Is your California MOdel???
IF so then you will need to cut 1-1/4 or so socket head so it just barely fits over the banjo bolt. And little by little get it off.
I got mine removed 5 month ago and nOw don't want to put it back. It will be a btch.
It is doable but you have to buy a ton of Patience.
No it is not a california model but still looks like a btch. I have learned a new level of patience taking off the cannister and putting it back on with new hoses only to have it still leak. Not a lot of room in there to work, plus I have to do it outside, need to get that dang shop done.
If you got that flying saucer looking thing behing fuel pump then it is Cali, but you know better.
Otherwise it is 10 time easier if it is 49 state emiss truck.
My hand was bruised for a month from trying to remove that banjo bolt.
I need to get someone with tiny hand to work on my truck.
I "Borrowed" a 1-1/4" box wrench from work and had a buddy of mine heat it up with a torch to make just enough bend in it to clear the turbo pedistal. Although once i acutually got the wrench back there, i found that the box nut was just over finger tight Oh well, least it helped to tighten it back up. I've also heard of people using crow's feet and getting it off, but the box wrench worked well for me. there's a write up here https://www.ford-trucks.com/forums/5...ight=fuel+pump on how to get it out, scroll down about half way. Hope this helps!
ok, I have gotten the pump out and that was kind of a btch but I didn't throw any tools so all is good. The pump and the rod came out so I didn't drop anything inside the engine. I just need to get the new metal banjo washers then I think I am ready to put it back together and for gods sake I hope this was the source of the leak. Thanks for all you help.
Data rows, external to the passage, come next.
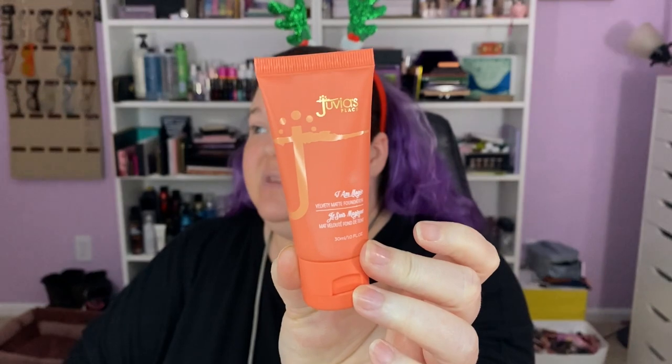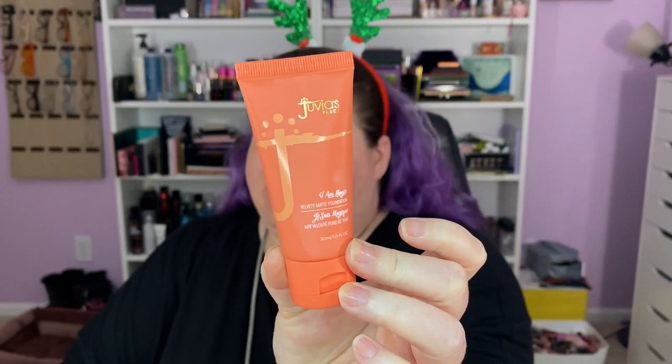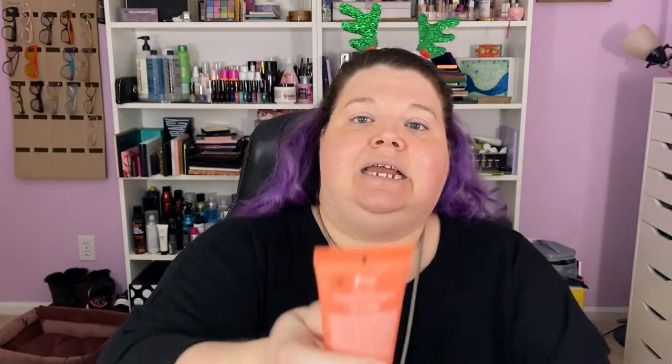I'm going to prime with the Catrice Prime and Fine Nude Glow Primer. It smells so nice. We'll put that all over, and we're going to use a foundation I have not used in a long time. I can't remember anything except it was kind of difficult for me to use, so I figured let's record it. Let's use the difficult-to-use foundation together. It's the Juvia's Place I Am Magic Velvety Matte Foundation in the shade Bali 720.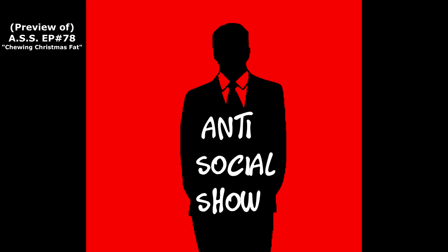Welcome to the Antisocial Show. I've got something from Haribo — H-A-R-I-B-O — the candy people that make gummy bears.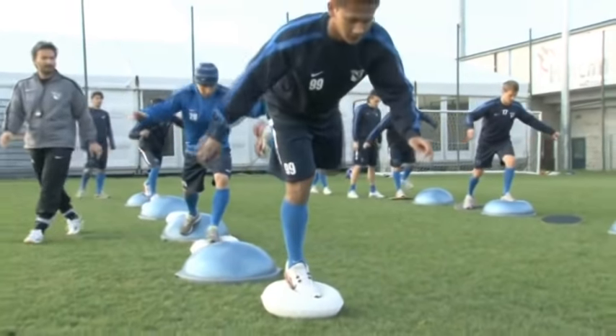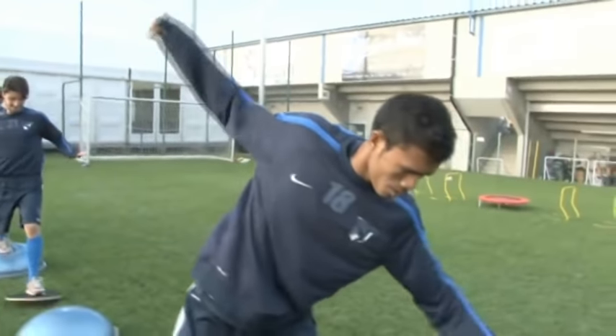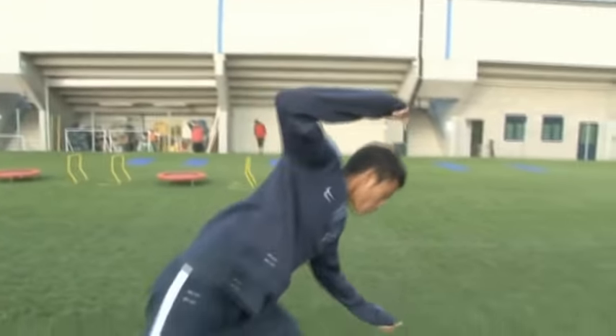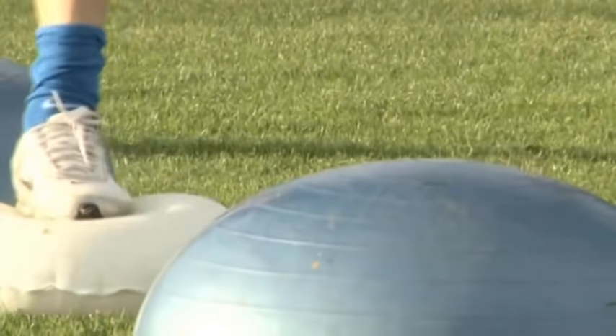Here are two exercises for example. The players have to walk on little shelves or cushions. The objective is don't touch the grass. This exercise is based on the body balance.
well now this is a pisser now. I just put on the new fuel pump and got it all back together and started the truck. Well the SOB is still leaking. It appears that the leak is actually comming out of the canister. Now I have read where people say the will crack or rot out. Mine doesn't appear to be rotted out but I am not sure about the cracks. I also know the snap ring and o-ring on the bottom of the canister can leak. I am going to pull out the canister (again) and look for the cracks. It is leaking pretty good so I would assume I would be able to see the crack. Is there a way to pressure test the canister. I don't know if a shop can do that or not. Any words of wisdom? Also I have heard those canisters are expensive so is there a alternative that will be a little cheaper?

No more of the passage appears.